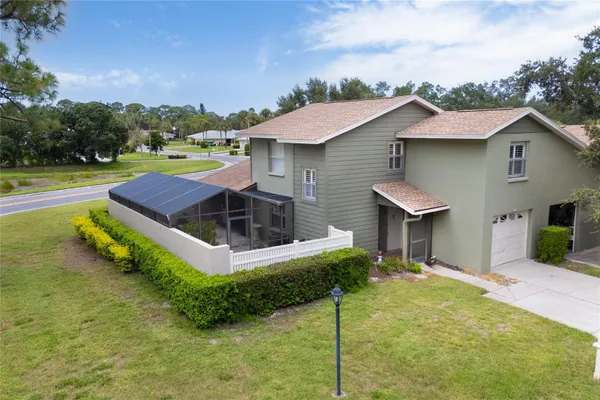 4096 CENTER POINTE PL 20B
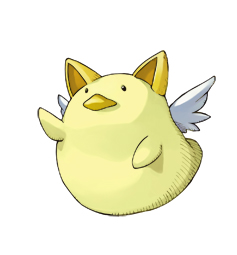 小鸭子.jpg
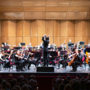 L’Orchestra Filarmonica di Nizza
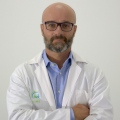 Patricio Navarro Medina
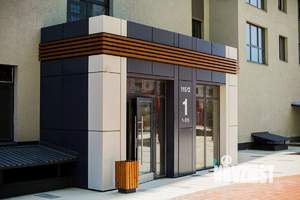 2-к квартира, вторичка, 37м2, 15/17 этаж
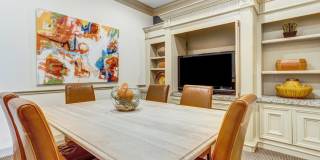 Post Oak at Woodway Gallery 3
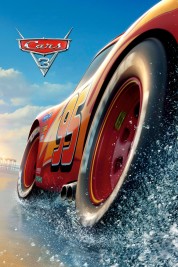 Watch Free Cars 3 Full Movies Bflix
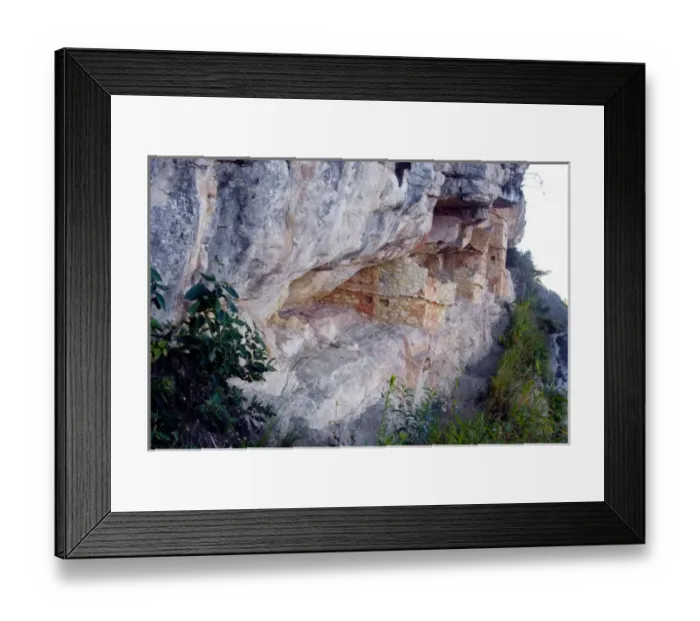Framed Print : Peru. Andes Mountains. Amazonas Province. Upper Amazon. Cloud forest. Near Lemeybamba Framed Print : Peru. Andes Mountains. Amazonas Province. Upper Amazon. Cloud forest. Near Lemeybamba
----------------
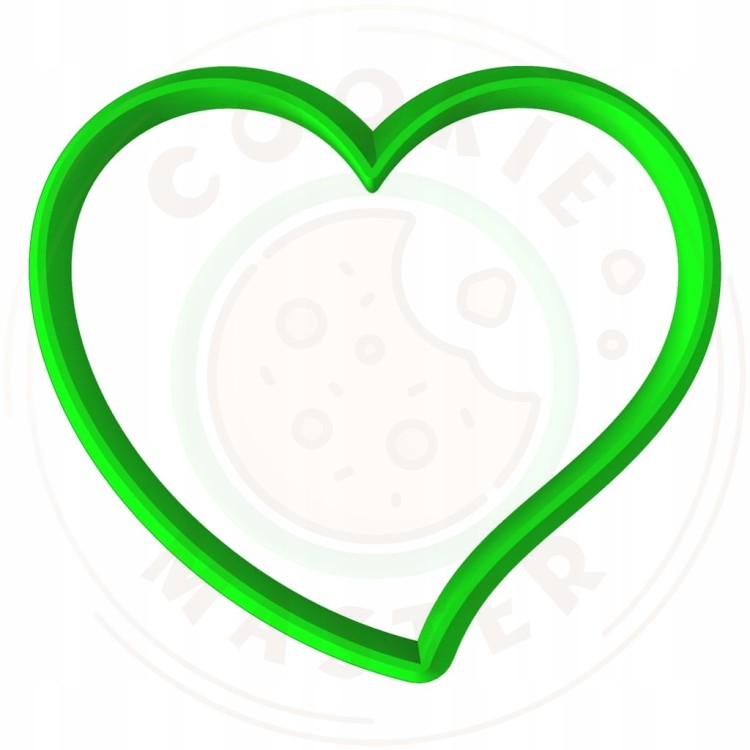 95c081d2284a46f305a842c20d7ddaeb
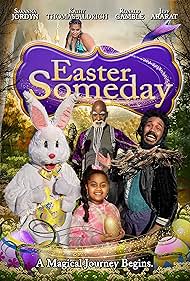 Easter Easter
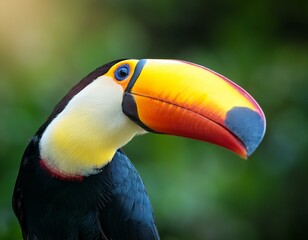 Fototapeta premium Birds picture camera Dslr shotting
----------------
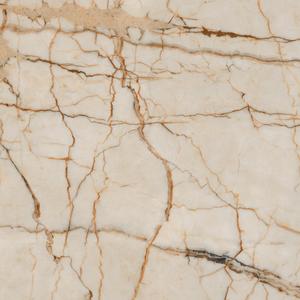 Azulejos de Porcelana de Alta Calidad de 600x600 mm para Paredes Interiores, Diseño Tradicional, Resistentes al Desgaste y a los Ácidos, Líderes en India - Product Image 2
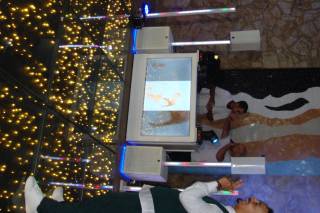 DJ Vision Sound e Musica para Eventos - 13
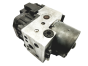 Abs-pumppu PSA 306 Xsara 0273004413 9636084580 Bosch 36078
----------------
▶ _Work task_:
In the listing above, find the line containing "95c081d2284a46f305a842c20d7ddaeb" and the line containing "Fototapeta premium Birds", then print exactly those two lines and every line between them, minus the pictures.

▶ _Answer to the problem_:
 95c081d2284a46f305a842c20d7ddaeb
 Easter Easter
 Fototapeta premium Birds picture camera Dslr shotting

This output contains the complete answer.